* [Extracted records]
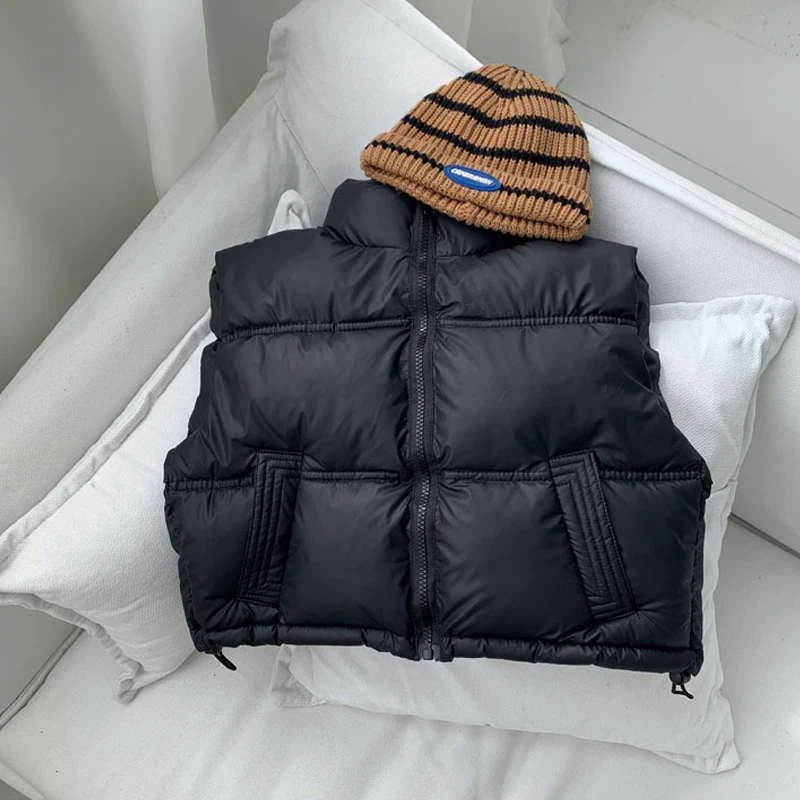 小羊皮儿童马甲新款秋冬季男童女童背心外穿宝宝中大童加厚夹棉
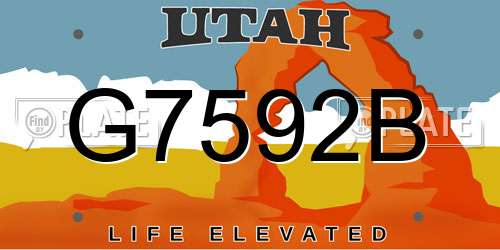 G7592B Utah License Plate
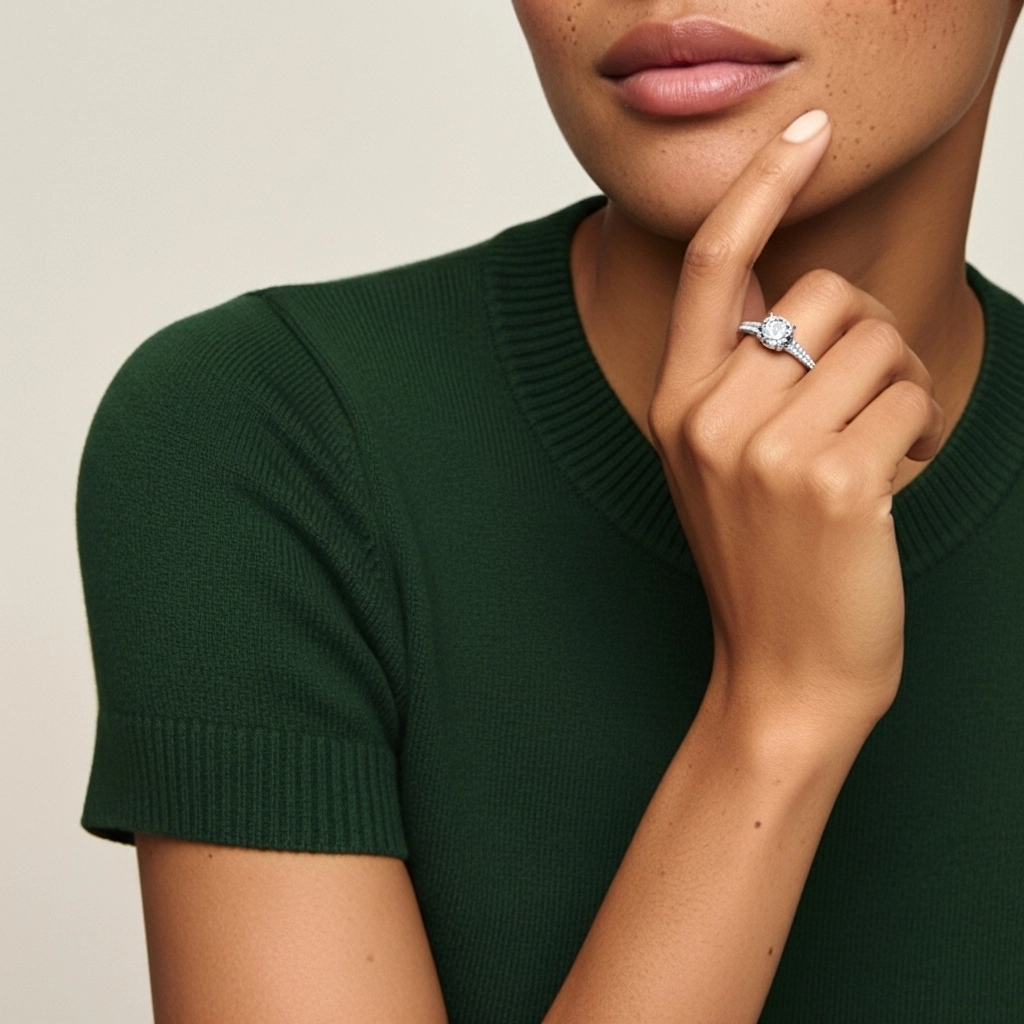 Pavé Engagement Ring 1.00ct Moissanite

---

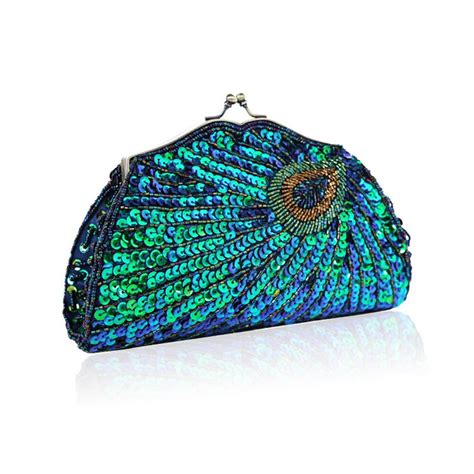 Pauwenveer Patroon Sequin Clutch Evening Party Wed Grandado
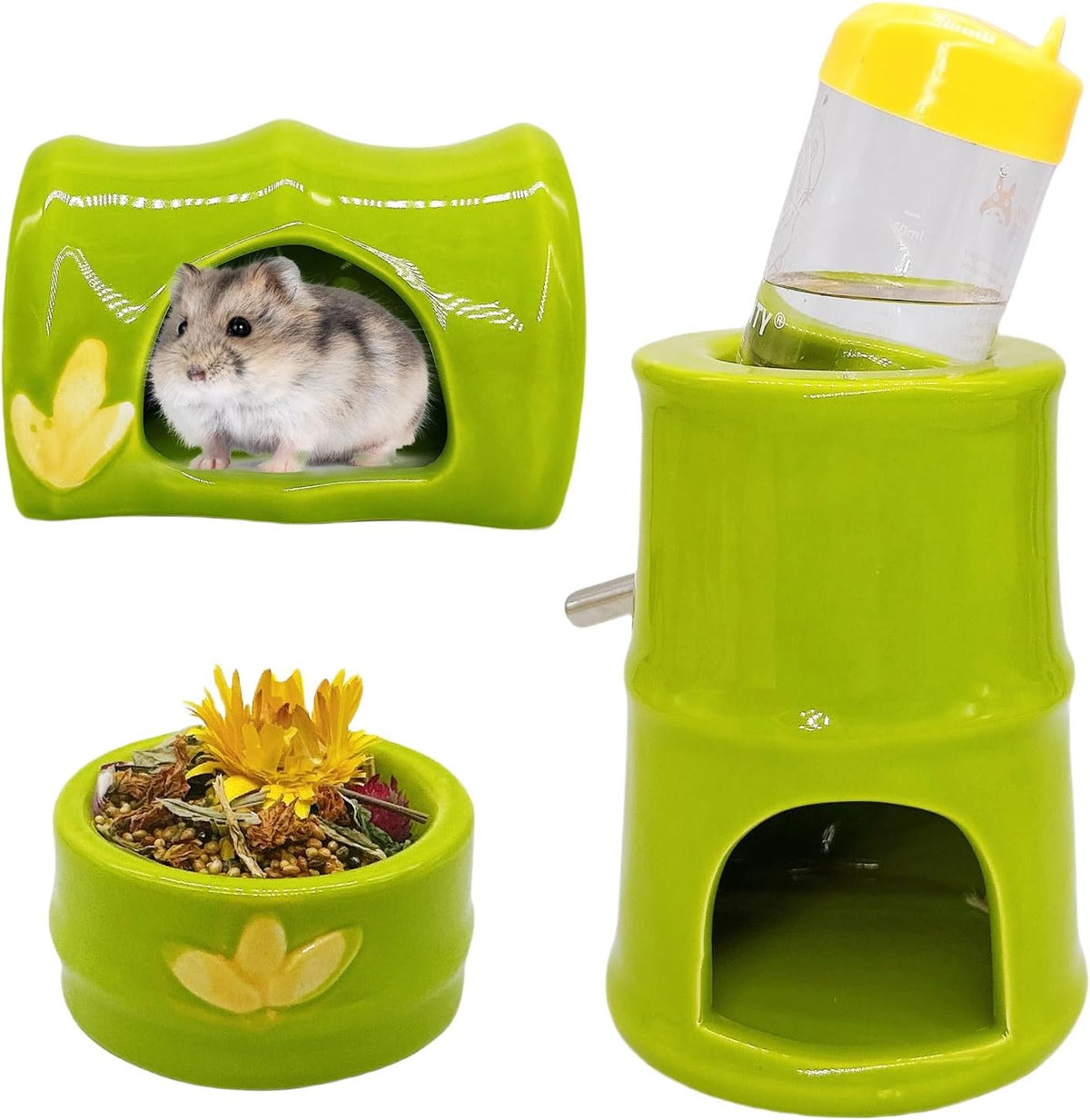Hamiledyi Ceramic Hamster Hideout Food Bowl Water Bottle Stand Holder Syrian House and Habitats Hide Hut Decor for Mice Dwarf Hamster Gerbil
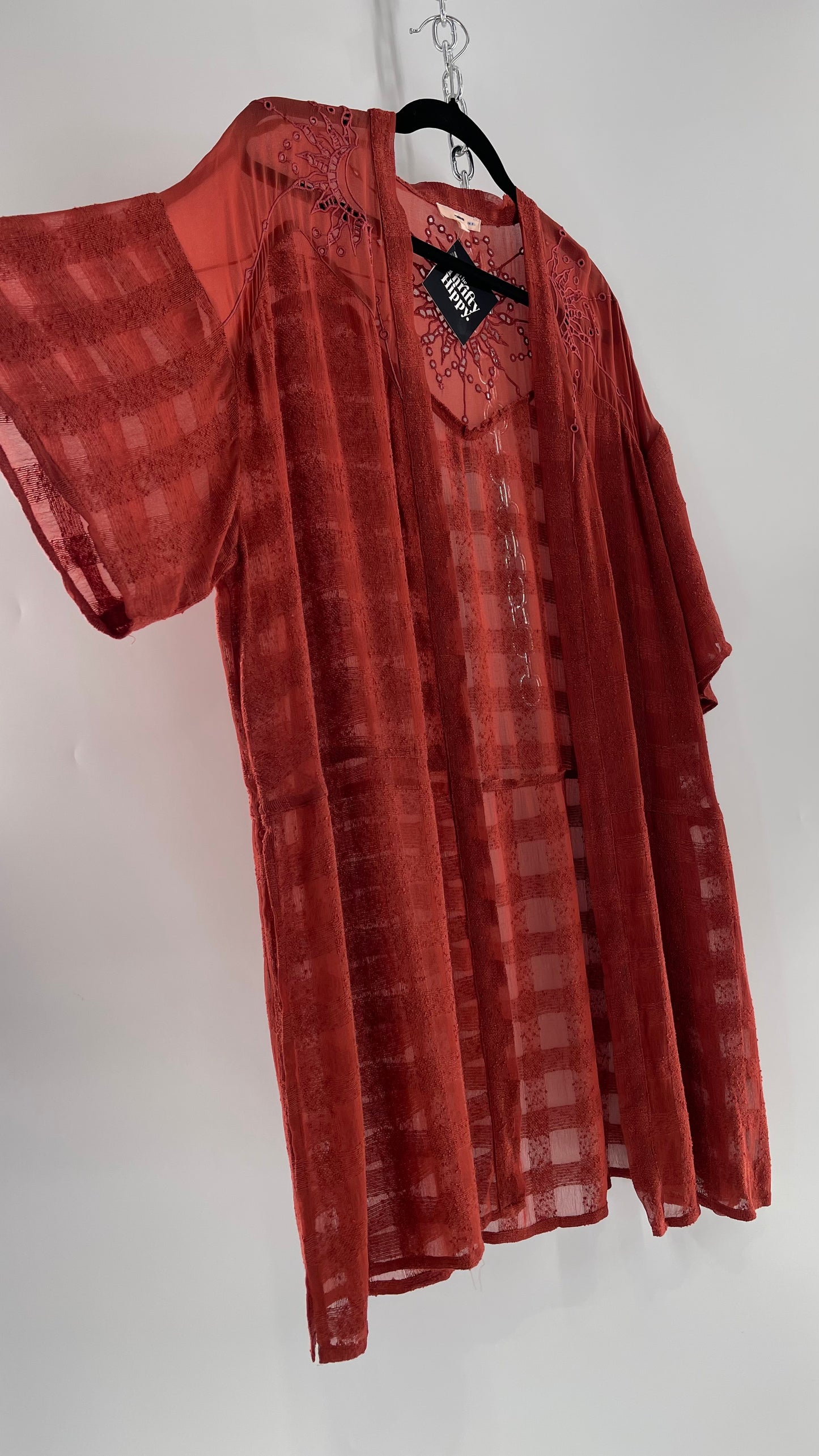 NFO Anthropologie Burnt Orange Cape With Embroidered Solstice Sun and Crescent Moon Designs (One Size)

==

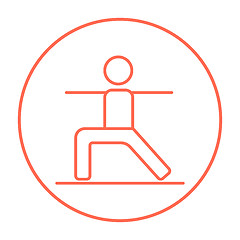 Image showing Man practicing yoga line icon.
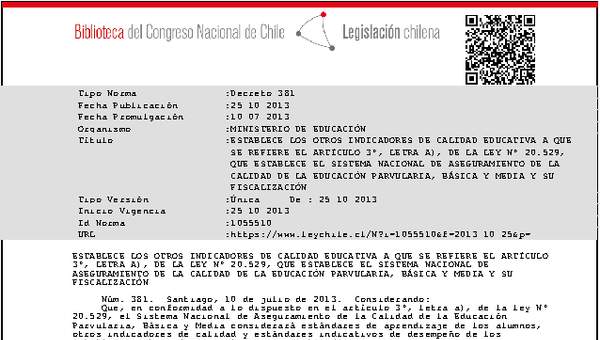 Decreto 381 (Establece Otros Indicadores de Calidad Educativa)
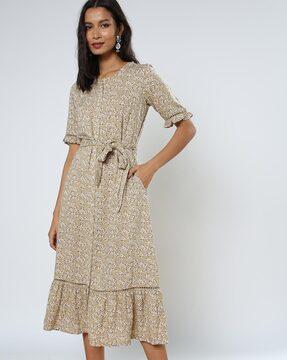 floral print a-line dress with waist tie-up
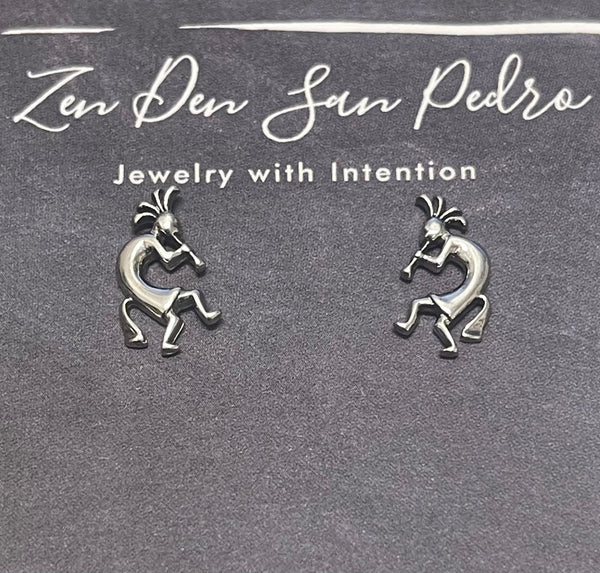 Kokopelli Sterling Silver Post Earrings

* [What you are asked to do] Because only one stretch of the records is wanted, please output the lines from the one holding "小羊皮儿童马甲新款秋冬季男童女童背心外穿宝宝中大童加厚夹棉" through the one holding "Pavé Engagement Ring 1.00ct Moissanite" exactly, both included, and leave every picture out.

* [Finished task]
 小羊皮儿童马甲新款秋冬季男童女童背心外穿宝宝中大童加厚夹棉
 G7592B Utah License Plate
 Pavé Engagement Ring 1.00ct Moissanite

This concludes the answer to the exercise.